А у Коки задрожал поднос в руке, и он элементарно покраснел, покраснел так, как не краснел никогда в жизни, будто Маша не с пельменями его сейчас за–стала, а с другой женщиной в постели, словно его поймали сейчас на чудовищной измене. Однако, читатель, заметим, что это была хуже, чем физическая измена, это была измена идеалам. Вот так они смотрели друг на друга минуту, в которую вместилось все. Они так долго прикидывались, играли, старались выглядеть лучше, чем они есть на самом деле, так долго писали свой роман, что для естественной жизни в нем уже не осталось места. Обоим стало понятно, что вот и кончилась любовь. Какая мелочь, в сущности, микроб может все испортить!
Вот тут бы им засмеяться, обратить все в шутку, но нет! – не тот случай, слишком много игры было между ними, и сейчас вся игра куда-то ушла, и в первый раз за все время они были совершенно искренни, растеряны и огорчены; оба поняли в этот момент, что все кончилось, что Кока теперь, если и будет когда-нибудь обнимать ее, непременно вспомнит про ангела с набитым пельменями ртом, да и Маша будет вечно помнить его с дурацким и несчастным видом держащим в руке дурацкий поднос; что они уже никогда больше не смогут серьезно относиться друг к другу даже в минуты близости, а значит, близость теперь исключена; уже нельзя шептать в постели милые нежности: все будет казаться игрой, даже если ею и не будет.
Романтика рухнула! Все! Это был момент истины для наших любовников, и не осталось ничего, кроме усталого сожаления. И все это – в полторы минуты!
Потом Кока осторожно положил поднос обратно на стол, посмотрел на нее другими глазами – уже не любовника, а все понимающего друга – и сказал, грустно улыбнувшись: «Э-э-эх, Маша… Какие же мы с тобой все-таки… артисты…» Потом поднял руку, будто хотел погладить ее по щеке, но потом раздумал, вздохнул и вышел. И тут Маша впервые за много лет по-настоящему заплакала. Сказать «заплакала» – это ничего не сказать. У нее слезы просто хлынули, будто шлюзы открылись. Бывало, что она плакала от обиды, унижения, злости даже, бывало, что она делала слезы своим неотразимым оружием, но так – никогда: ничего и никого не стыдясь, некрасиво размазывая по лицу слезы рукой с зажатой в ней вилкой и давясь солеными и будто резиновыми пельменями. Она плакала так горько, как плачет ребенок, у которого отняли любимую игру.

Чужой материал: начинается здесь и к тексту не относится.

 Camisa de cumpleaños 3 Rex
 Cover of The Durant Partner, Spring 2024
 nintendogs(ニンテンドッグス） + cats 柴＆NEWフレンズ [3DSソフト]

А ведь игра в любовь и была, в сущности, ее единственной игрой, смыслом жизни, и сейчас она вдруг поняла, что это не может быть смыслом жизни, а тогда – какой же в ее жизни смысл? И есть ли он вообще? Тридцать ведь уже, а нет ничего: ни настоящих ролей, ни настоящих друзей, ни детей, ни любящих, ни любимых по-настоящему – ничего нет! Обо всем этом и плакала моя Маруся, а потом вытерла слезы и доела все, что было на столе. Все равно ведь надо было как-то жить… Надо было жить дальше!…
Большой эпилог и прощание
Бежит, бежит по дороге жизни наша история, бегу и я вместе с ней, спотыкаюсь на ухабах сюжета, слишком часто оглядываюсь по сторонам и отвлекаюсь, перехожу на шаг, медля расставание, и пытаюсь все же весело насвистывать свою песенку под названием «Роковая Маруся». Дорога катится под горку, поэтому идти легко, только, пожалуй, слишком быстро. Это в горку всегда, до вершины, идти будто бы тяжело, и все кажется, что очень медленно, а после вершины – только недели мелькают: понедельник, среда, о! уже суббота; март, июль, январь; год, другой, третий…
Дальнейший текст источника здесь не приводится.